1月の会見では、半導体事業を担当する成毛康雄副社長が、「20%未満という外部資本の出資比率は、東芝のなかでNAND事業が大事な事業であるという位置づけを継続したいという意味を持つ」と説明。分社後も、ストレージ&デバイスソリューション社の傘下に置くことを前提としていたが、これも覆ることになる。

綱川社長は、「半導体事業は、今後のさらなる成長に必要な経営資源を確保し、あわせて東芝グループの財務体質を強化するために、柔軟に考えていく。マジョリティ譲渡を含む外部資本導入を検討している」と発言。「マジョリティ確保にはこだわらない。現在、様々なオファーをもらっており、将来に向けて、一番価値が出るところと組んでいくことになる」と語った。

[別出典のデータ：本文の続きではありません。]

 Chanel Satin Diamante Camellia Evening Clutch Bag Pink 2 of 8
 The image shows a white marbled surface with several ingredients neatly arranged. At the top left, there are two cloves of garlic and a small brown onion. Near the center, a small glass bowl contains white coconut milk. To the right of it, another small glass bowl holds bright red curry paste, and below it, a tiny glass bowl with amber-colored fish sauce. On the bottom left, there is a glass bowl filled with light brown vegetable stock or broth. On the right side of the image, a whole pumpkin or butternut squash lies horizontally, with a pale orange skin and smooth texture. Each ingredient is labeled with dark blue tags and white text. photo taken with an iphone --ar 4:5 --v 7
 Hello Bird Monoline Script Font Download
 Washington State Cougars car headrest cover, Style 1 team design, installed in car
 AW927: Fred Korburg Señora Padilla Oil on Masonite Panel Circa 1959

50%以上の外部資本を導入することについて明言した格好ともいえ、半導体事業の新会社は、東芝の子会社から外れることになる。いわば、半導体事業を手放す覚悟であることを明確に示したともいえる。

綱川社長は、「現時点では、なにも決まったものはない」とするが、その一方で「すべての可能性がありうる」とも語る。

半導体事業を売却するという決断にまで踏み込まざるを得なかった背景にあるのは、2017年3月期に、債務超過に陥る可能性がより高まったことがあげられる。